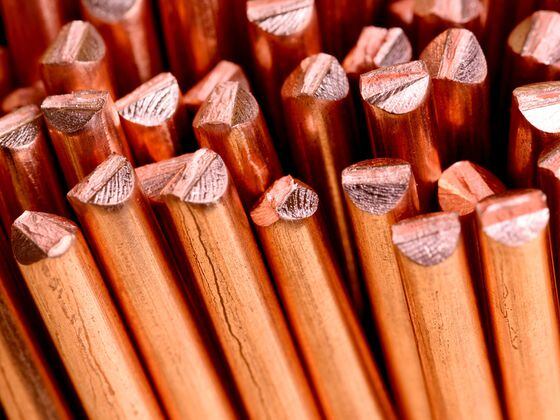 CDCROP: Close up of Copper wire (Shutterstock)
...
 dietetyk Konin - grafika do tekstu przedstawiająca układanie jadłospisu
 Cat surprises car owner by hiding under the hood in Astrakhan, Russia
--
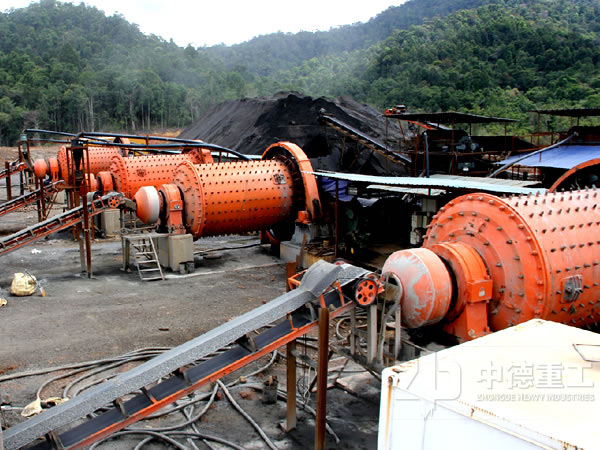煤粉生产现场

=== BRIEF ===
Above are the records; repeat exactly the lines from the one holding "dietetyk Konin - grafika" down to the one holding "Cat surprises car", end lines included.

=== RESULT ===
 dietetyk Konin - grafika do tekstu przedstawiająca układanie jadłospisu
 Cat surprises car owner by hiding under the hood in Astrakhan, Russia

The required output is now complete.